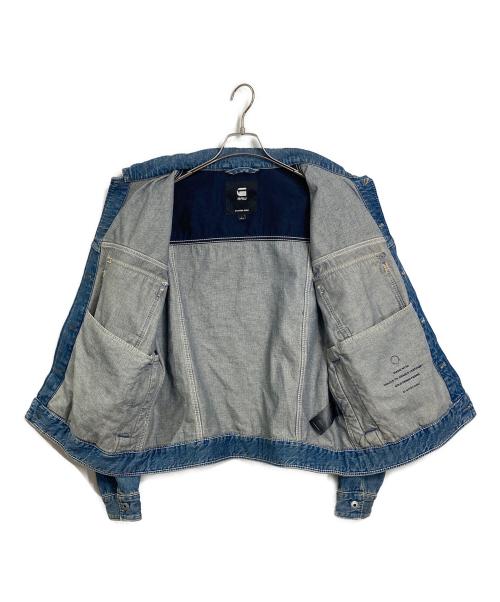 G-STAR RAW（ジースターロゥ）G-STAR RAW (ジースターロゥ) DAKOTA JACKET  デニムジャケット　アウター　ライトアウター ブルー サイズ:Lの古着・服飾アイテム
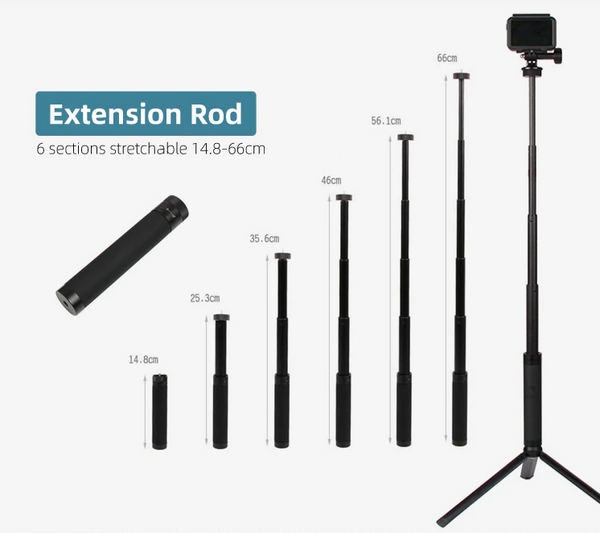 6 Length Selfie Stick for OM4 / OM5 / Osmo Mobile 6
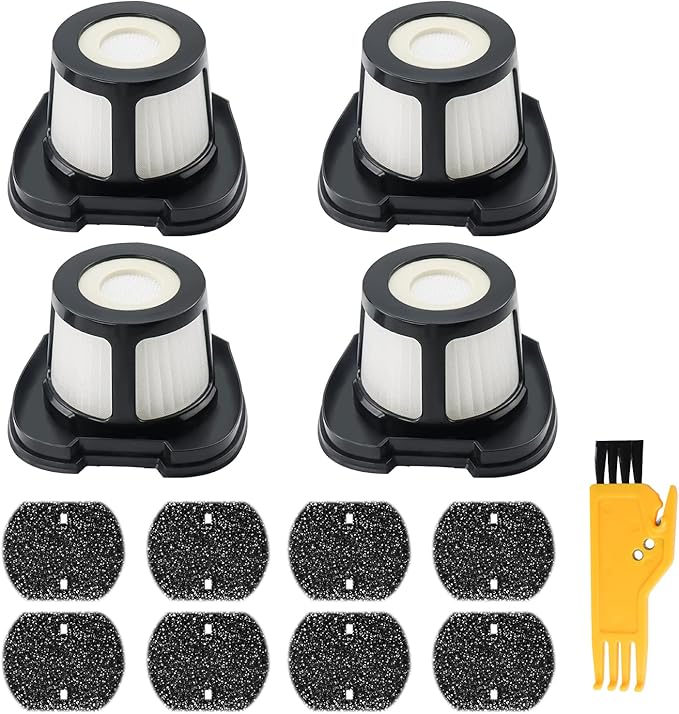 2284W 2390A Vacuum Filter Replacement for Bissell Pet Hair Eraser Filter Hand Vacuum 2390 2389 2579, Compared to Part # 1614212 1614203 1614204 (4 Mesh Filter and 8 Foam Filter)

==

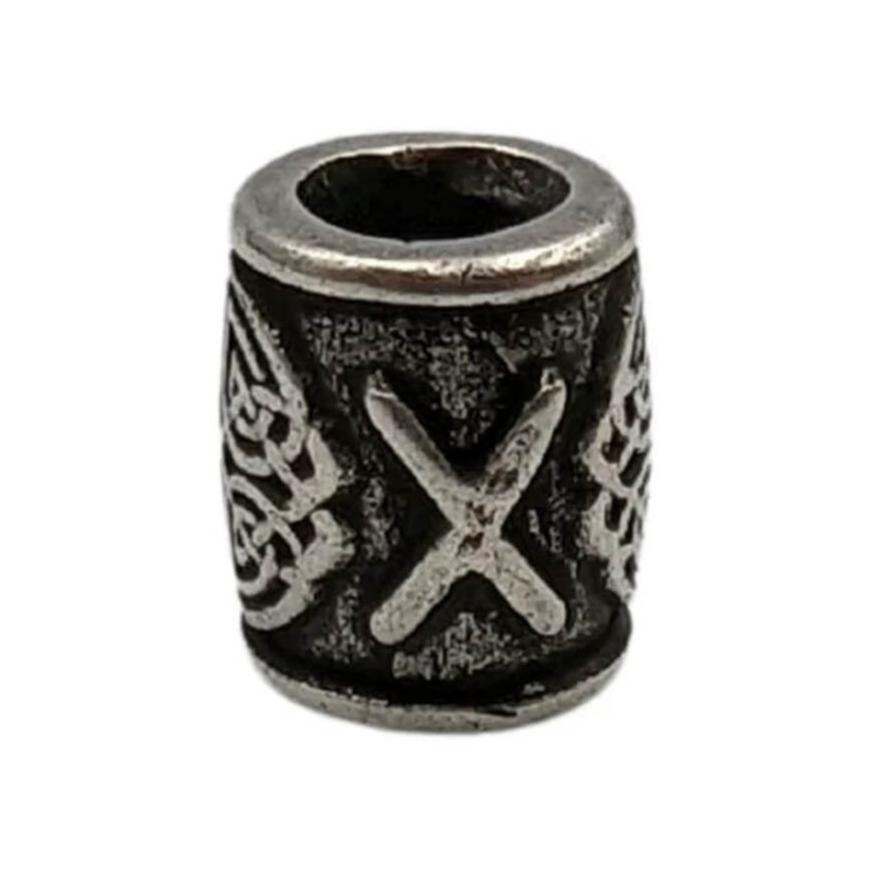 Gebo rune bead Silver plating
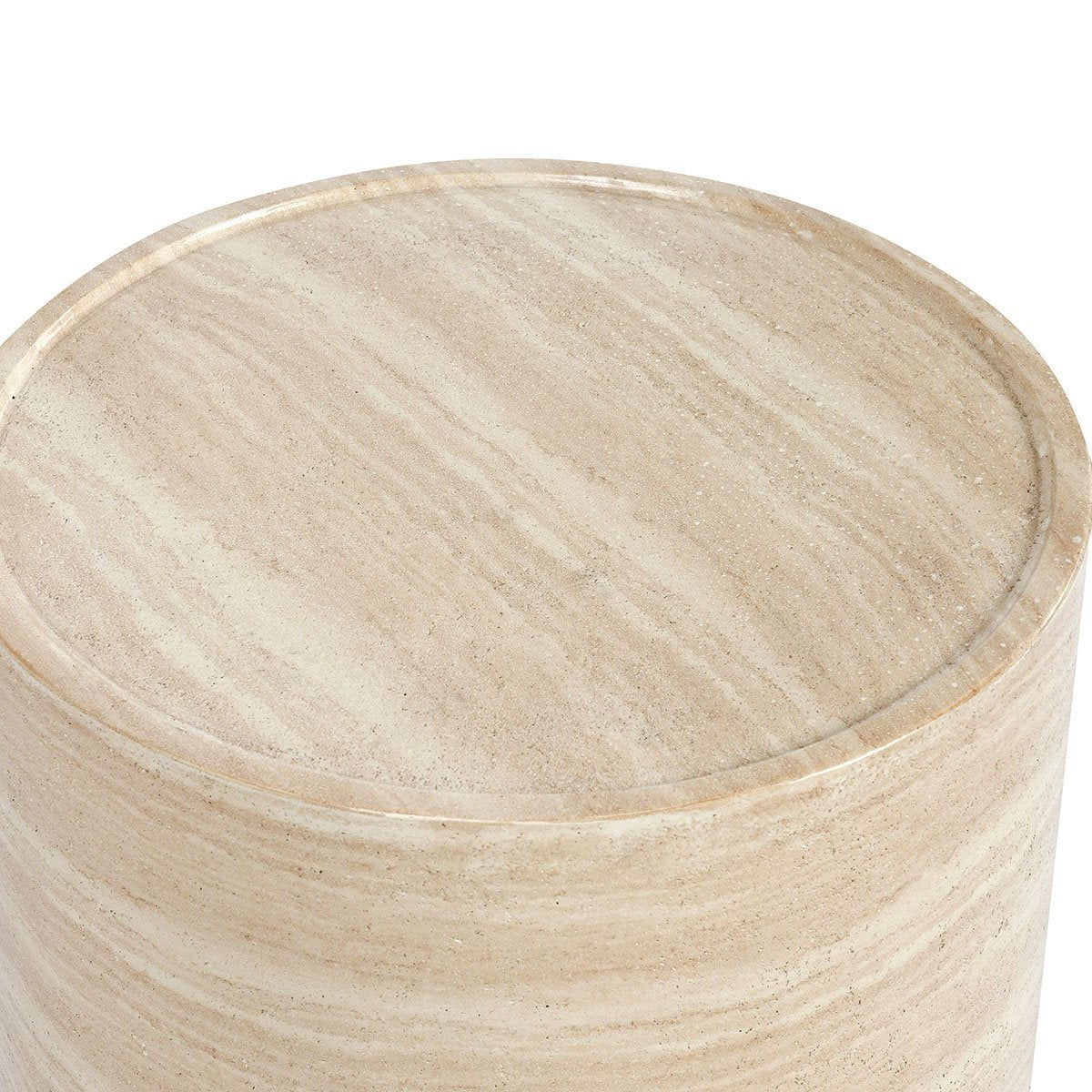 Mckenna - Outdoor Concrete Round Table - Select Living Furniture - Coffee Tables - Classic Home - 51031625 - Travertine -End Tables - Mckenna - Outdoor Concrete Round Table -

--

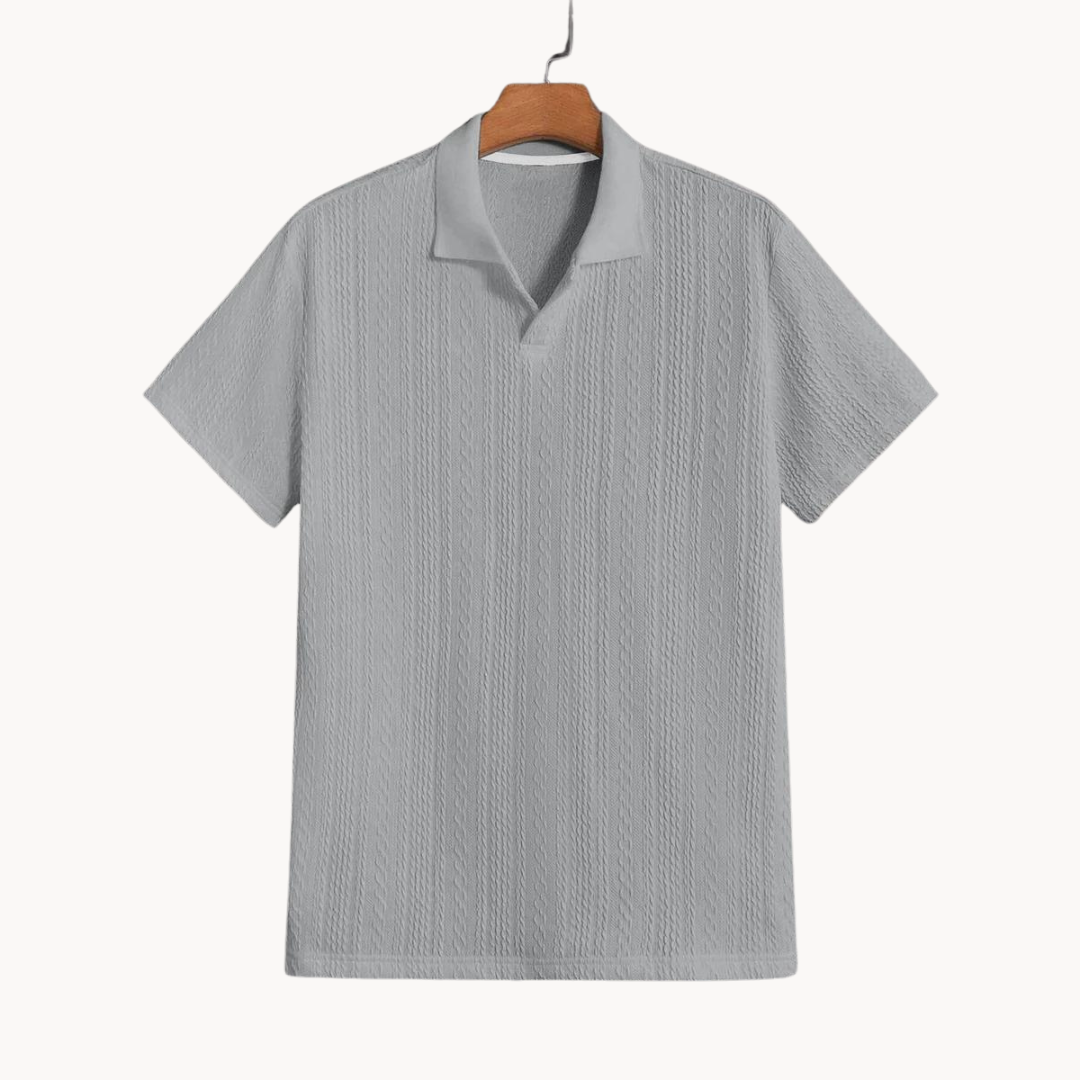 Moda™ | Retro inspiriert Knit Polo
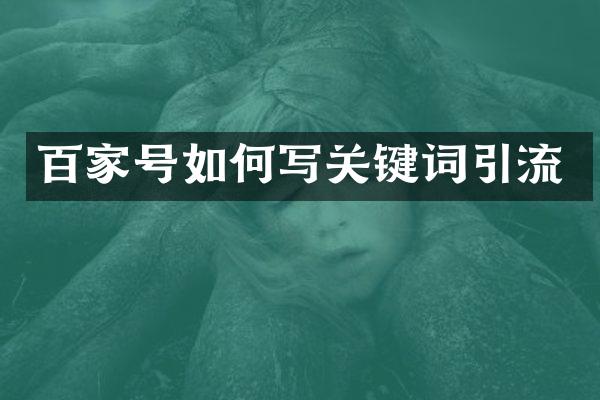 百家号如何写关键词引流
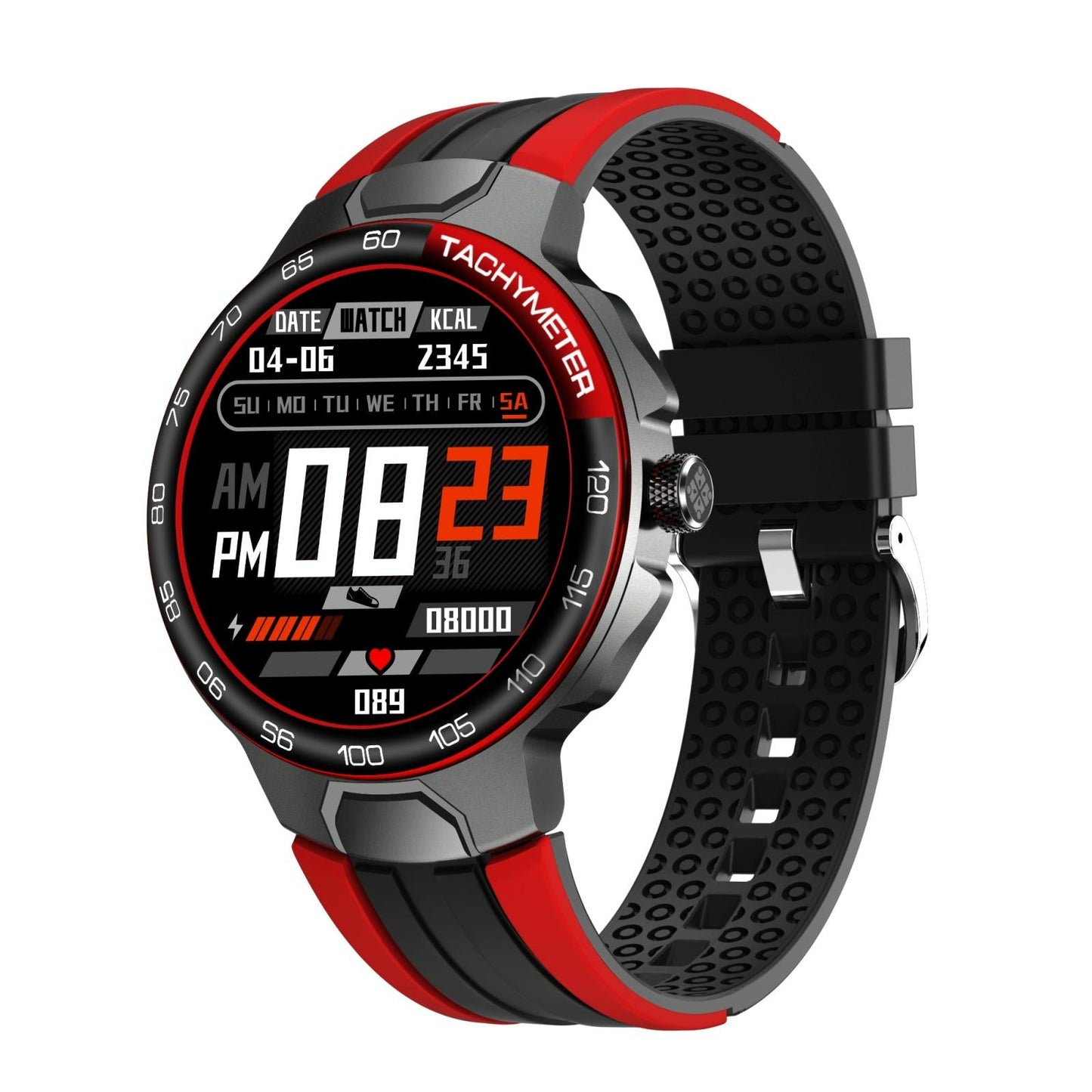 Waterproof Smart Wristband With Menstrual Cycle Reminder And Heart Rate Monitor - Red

§ **Prompt**
When you reach the line with "6 Length Selfie" in the records above, start writing out each line exactly, and stop after the line with "2284W 2390A Vacuum". Pictures stay out.

§ **Result of this exercise**
 6 Length Selfie Stick for OM4 / OM5 / Osmo Mobile 6
 2284W 2390A Vacuum Filter Replacement for Bissell Pet Hair Eraser Filter Hand Vacuum 2390 2389 2579, Compared to Part # 1614212 1614203 1614204 (4 Mesh Filter and 8 Foam Filter)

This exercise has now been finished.